Prof. Robert West, Professor of Health Psychology, UCL, said:
“The FDA approach is a bold intent – to stop cigarettes being addictive by all but removing the nicotine. If we could move directly from where we are to a world where no accessible tobacco product contained addictive levels of nicotine that might work. Unfortunately this will not happen and in the meantime the demonisation of nicotine could undermine the complementary approach of encouraging smokers to switch to less harmful forms of nicotine use such as e- cigarettes.”
Prof. Linda Bauld, Professor of Health Policy, University of Stirling, said:
“These long awaited plans from the US Food and Drug Administration have international significance. They suggest the US may be the first country in the world to require product standard for cigarettes that include reducing nicotine to non-addictive levels.
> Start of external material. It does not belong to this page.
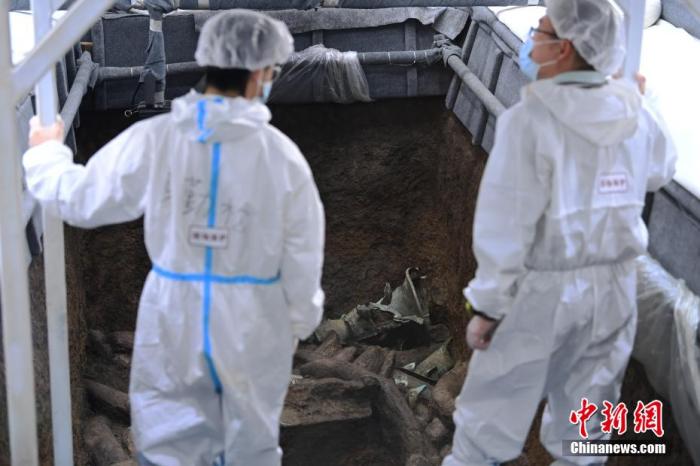 考古工作者在發(fā)掘現(xiàn)場工作。 安源 攝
They are also providing a reprieve for e-cigarette manufacturers, giving them more time to submit documents to get current and future products approved. The first of these developments could be problematic, while the second is welcome.
“A number of studies have examined reducing the nicotine in cigarettes, with promising results. This would make smoking less appealing and addictive. In carefully controlled trials, there is some evidence it could help smokers cut down or quit. However, there will be big challenges implementing this in the real world. Cigarettes are available globally, and selling less addictive products in the USA could result in a black market in imported or counterfeit products. Reducing the nicotine might also mean smokers take in more toxicants (tar) by puffing harder and for longer on their cigarettes – something the FDA plan to test in a consultation period. It is important to remember that nicotine is not the harmful constituent in cigarettes, but the many toxicants that are present in the tar. It remains to be seen how viable this move is.
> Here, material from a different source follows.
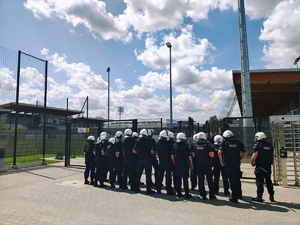 Policjanci podczas działań.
“On the plus side, the FDA has recognised the huge burden its current approval timelines place on e-cigarette manufacturers, including small companies. So they have extended their deadline for approval to 2022. In the meantime existing products can be continue to be sold. This is good news, particularly given very recent research suggesting that smoking quit rates in the USA have increased since e-cigarettes became available and smoking rates have declined more quickly. This is a temporary reprieve, however, and the US still needs to find the right system to ensure product standards while still making e-cigarettes available.
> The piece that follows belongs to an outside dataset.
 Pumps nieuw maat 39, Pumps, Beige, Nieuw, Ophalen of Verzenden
“Unfortunately, the announcements don’t include progress on some of the key measures needed in the USA to reduce smoking further, including banning tobacco advertising and making tobacco less available. These kinds of policies, which are outside the FDA’s remit, would accelerate the current declines in smoking that e-cigarettes and other developments have achieved in the USA in recent years.”
Prof. Robert West: “I have not and will not accept any kind of funds, payments or hospitality from companies that make e-cigarettes because of the risk of being perceived as tainted on that count. I undertake research and consultancy for companies that manufacture smoking cessation medications and licensed nicotine replacement products. My salary is funded by Cancer Research UK.”
Prof. Linda Bauld: “None to declare.”